Following Paulo Freire's thinking, I see education as a tool for liberation, not indoctrination. The goal isn't to make people think like me. It's to help them think for themselves. Questioning, dialogue, co-discovery. The best outcome is when someone reaches a conclusion I wouldn't have, and it's better than mine.

Individual contribution doesn't scale. What scales is enabling others to solve problems you'll never see. The best architectural decisions are the ones teams can extend without you. The best debugging sessions are the ones where someone else finds the root cause because they learned how to look.

Design for Evolution

Today's architecture is tomorrow's legacy. Build systems that can be replaced piece by piece, not rewritten wholesale.

Event sourcing at Mercedes-Benz wasn't just about current requirements. It was about enabling views we couldn't predict yet. One source of truth, infinite flexible views.

Two-Way Door Decisions

I'm a fervent advocate for reversibility.

One-way doors are decisions that are costly or impossible to undo. They deserve caution, analysis, and buy-in. Two-way doors are decisions you can reverse if wrong. They deserve speed and experimentation.

Most decisions are two-way doors mistaken for one-way doors. Teams slow down unnecessarily, seeking consensus for choices that could simply be tried and reverted. Recognizing which type you're facing changes everything about how you should move.


The Mechanical Foundation

I maintain a full workshop in my garage for building metal pieces. This isn't nostalgia. It's philosophy.

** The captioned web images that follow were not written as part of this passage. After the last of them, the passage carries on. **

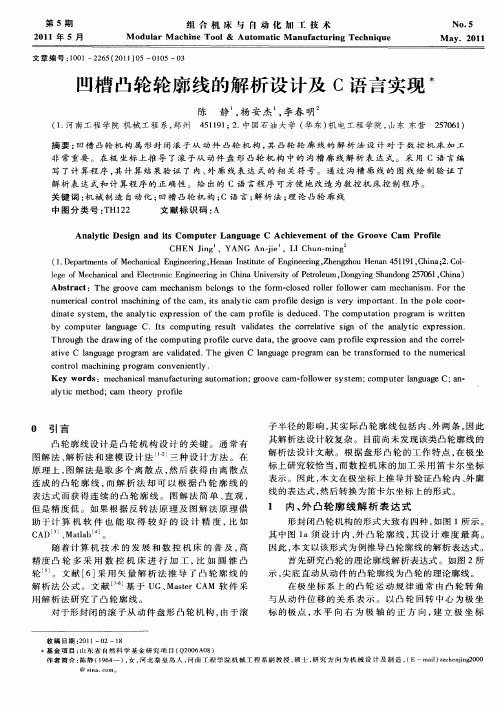 凹槽凸轮轮廓线的解析设计及C语言实现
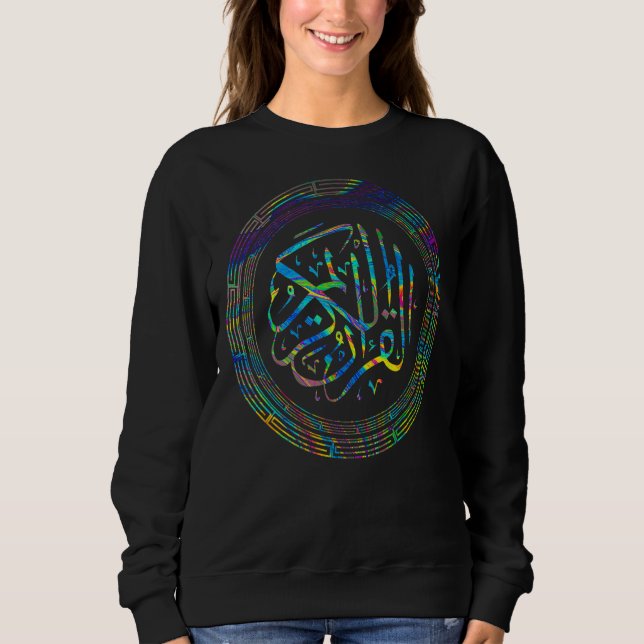 Al Quran Al Karim 2 Sweatshirt (Front)
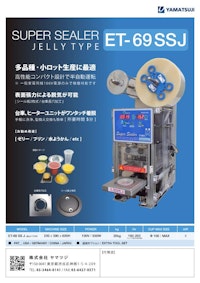 卓上型カップシーラー ET-98S (株式会社ヤマツジ) のカタログ 卓上型カップシーラー ET-98S (株式会社ヤマツジ) のカタログ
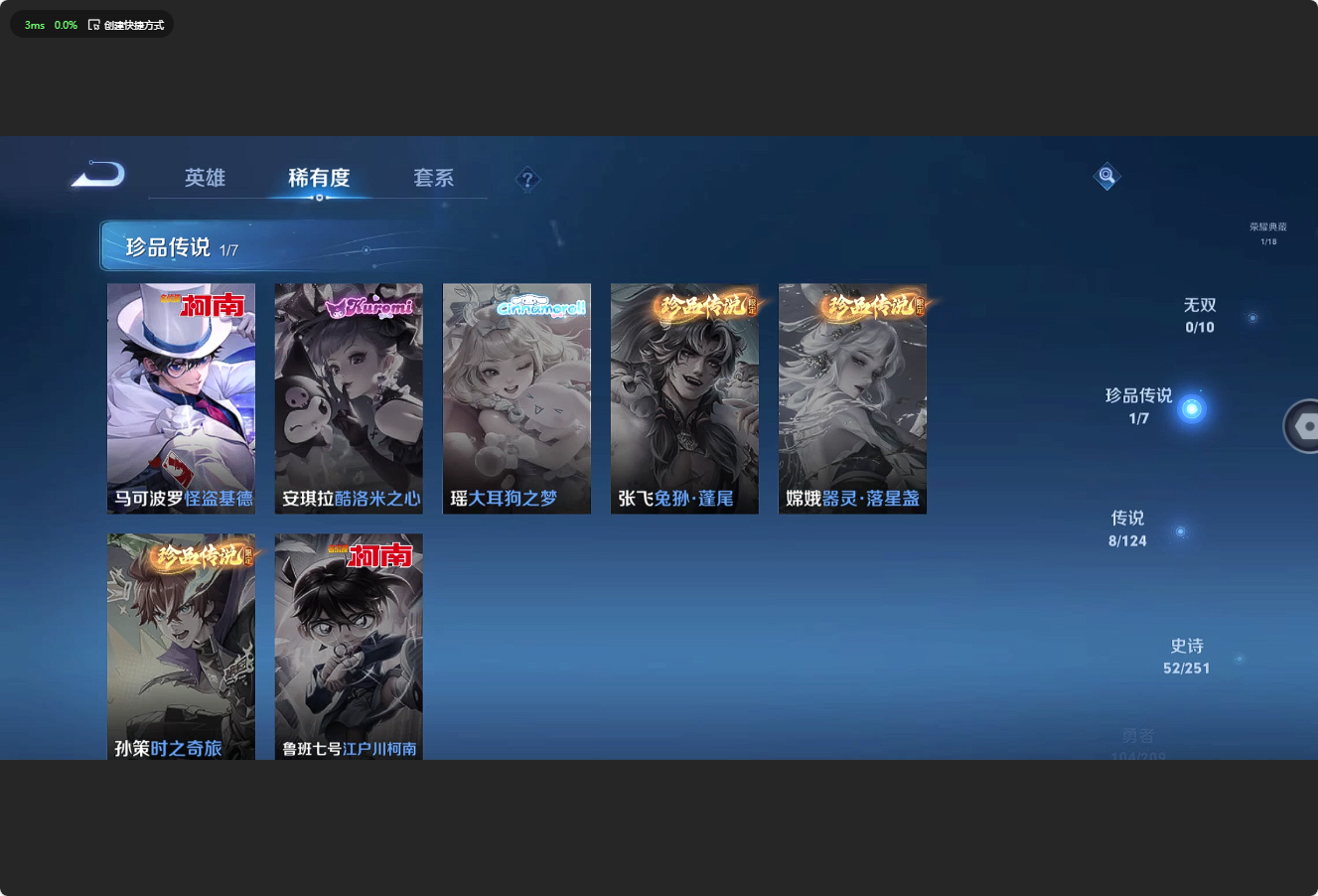 WZ3165256王者荣耀账号详情图11 WZ3165256王者荣耀账号详情图11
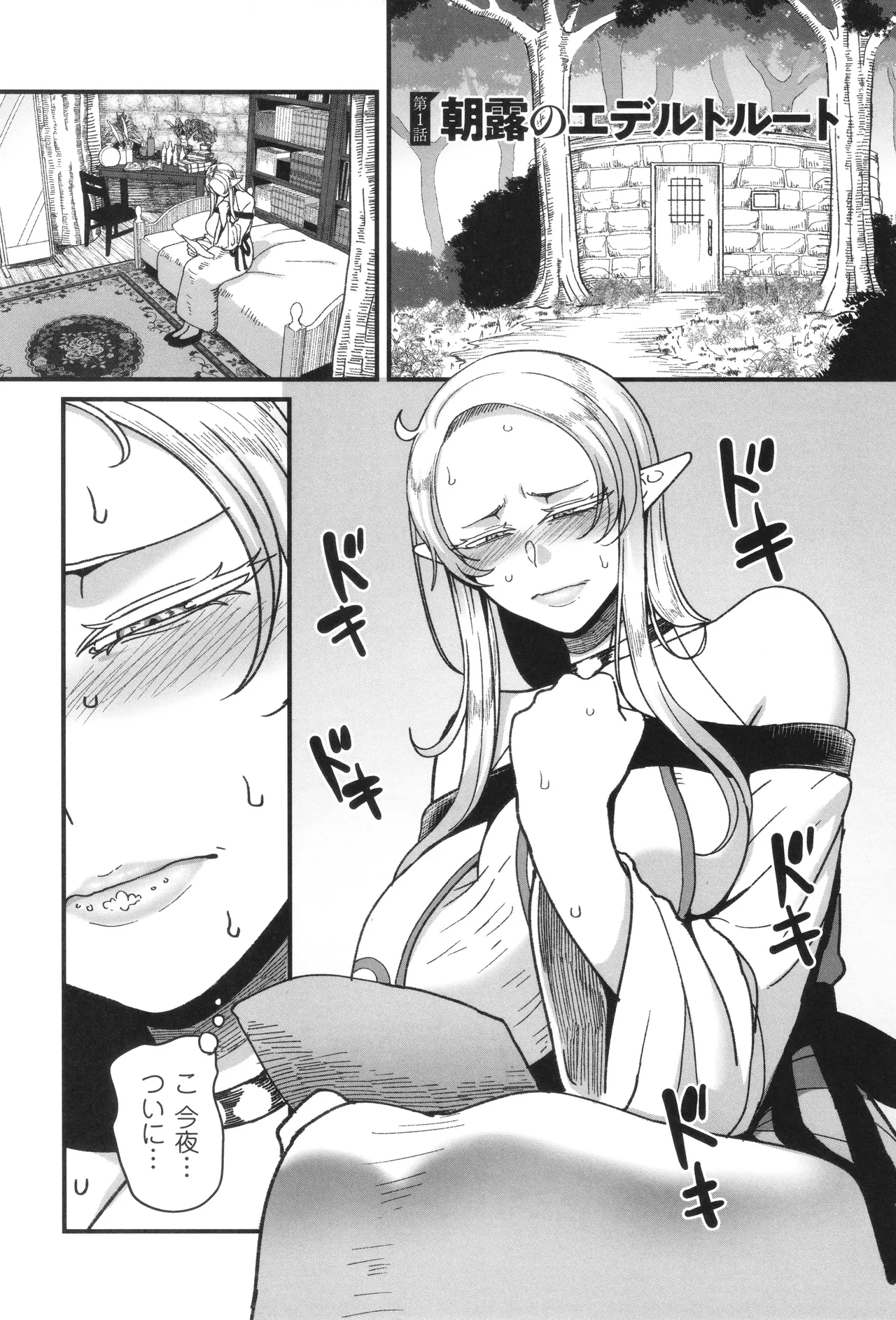 Genkai Jukujo Elf Senyou! Danshou Delivery Service!! page 11 full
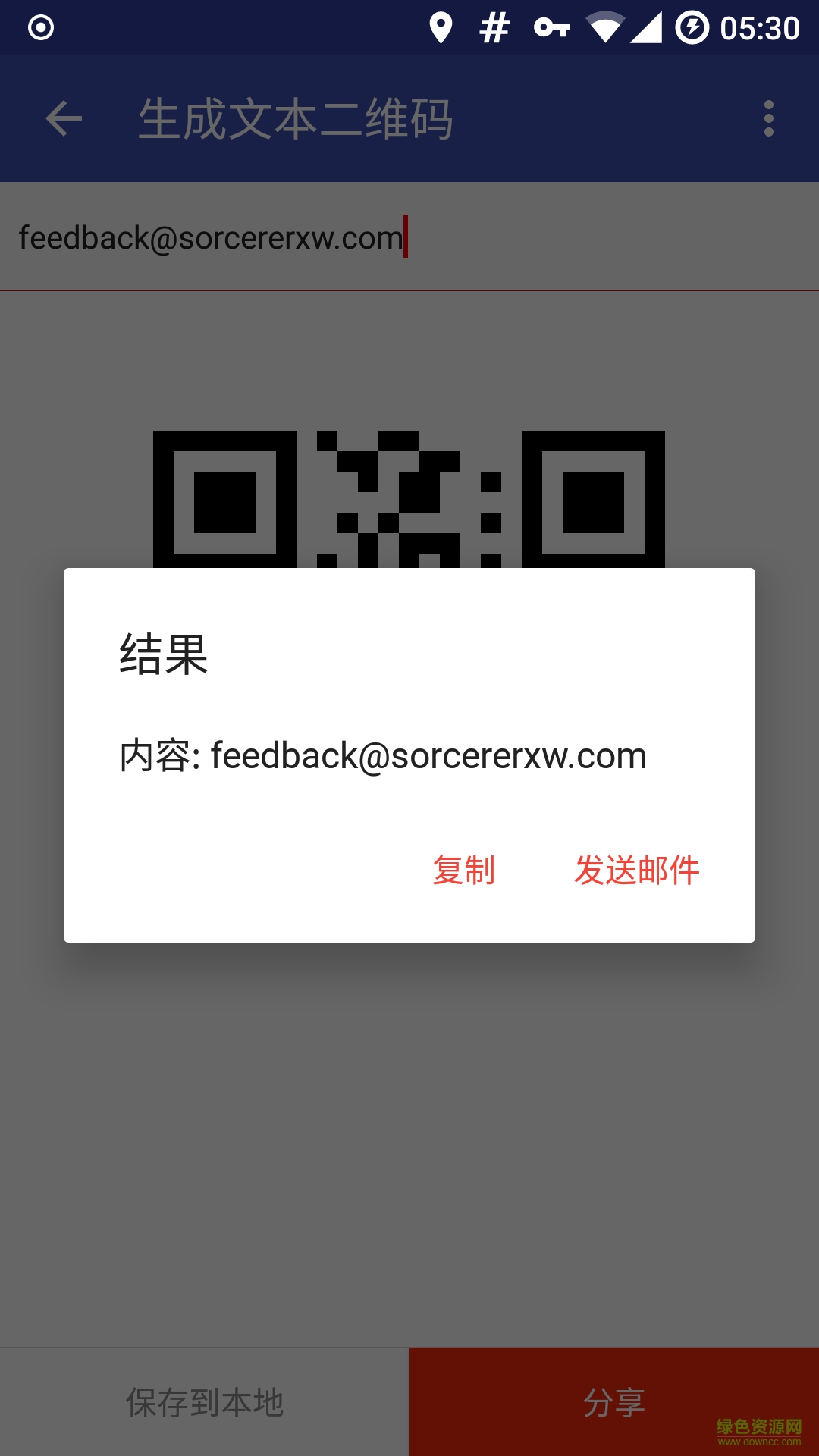 二維碼磁貼 v1.0 安卓版 1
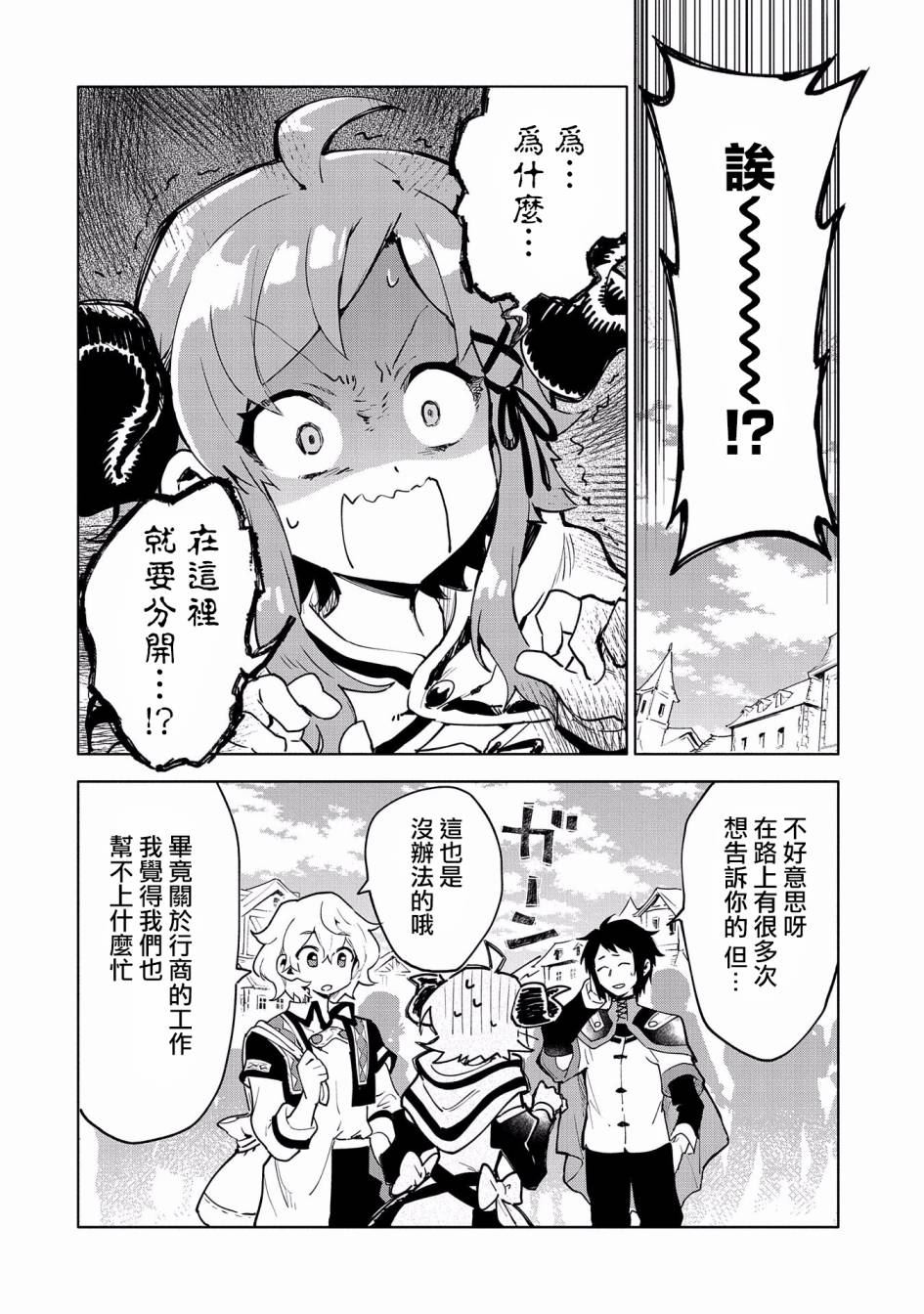 《最强咒族转生~一个天才魔术师的惬意生活~》漫画最新章节第7话免费下拉式在线观看章节第【24】张图片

Pure abstraction without physical reality feels incomplete. The best software systems account for real-world constraints that pure software engineers often miss:

  • Vibration affects sensors and connections
  • Temperature changes component behavior
  • Electromagnetic interference corrupts signals
  • Network reliability varies by environment
  • Power availability isn't guaranteed

When you've rebuilt an engine in a shop where the nearest replacement part is 500km away, you develop a different relationship with operational excellence. You build systems that can be diagnosed and repaired, not just deployed and replaced.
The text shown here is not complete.